Credentialism is just as screwed up as corporatism

"Death by Degrees," a thoughtful piece in N+1, compares the inherent injustice in a system rigged to produce unequal wealth distributions to the injustice in a system that demands expensive, time-consuming higher education in order to access professional and political life. The authors present this as a blind spot for the left, who criticize poor people for falsely identifying with the monied class and its politics, but who believe that charges of elitism in the left are just knee-jerk anti-intellectualism. They argue that elitism is very real, and, like the barriers to economic justice in labor law and politics, it is an oppressive system of credentialism that concentrates power and access in the same way. In a nutshell: "When we ask ourselves whether populist hostility should be directed against the rich or against the professional elite, the answer must be, 'Yes, please!'"

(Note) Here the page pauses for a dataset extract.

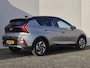 Hyundai Bayon 1.0 T-GDI Premium Handgeschakeld / Trekhaak Afneembaar / Trekgewicht 1110 kg / Achteruitrijcamera / Stuur-, en Stoelverwarming / Cruise control / Keyless Entry/Start / Apple Carplay Android Auto / Climate control /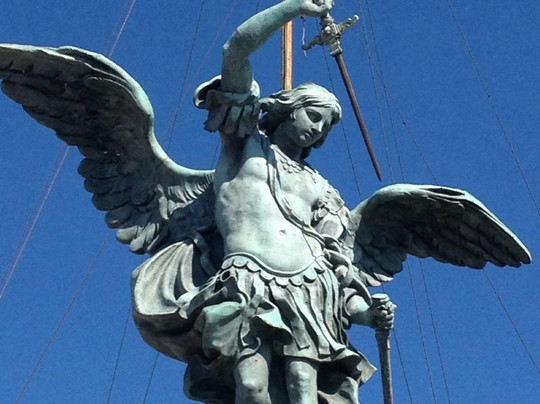 圣·迈克尔塑像-罗马必去景点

Today, we take it for granted that practicing medicine or law requires years of costly credentialing in unrelated fields. In the law, the impact of all this "training" is clear: it supports a legal system that is overly complicated and outrageously expensive, both for high-flying corporate clients who routinely overpay and for small-time criminal defendants who, in the overwhelming majority of cases, can't afford to secure representation at all (and must surrender their fate to local prosecutors, who often send them to prison). But just as a million-dollar medical training isn't necessary to perform an abortion, routine legal matters could easily, and cheaply, be handled by noninitiates.

The standardization of these professional guilds benefited undergraduate institutions immensely, a fact that was not lost on university administrators. College presidents endorsed the Hopkins model and the AMA's consolidation of medical authority for good reason: in the mid-19th century, bachelor's degrees in the United States were viewed with skepticism by the private sector, and colleges had a hard time finding enough students. The corporate-sponsored consolidation of the medical establishment changed undergraduate education from a choice to a necessity. Where once there was indifference, now there was demand: "I want to be a doctor when I grow up," the child in the PSA says. "I want to go to college."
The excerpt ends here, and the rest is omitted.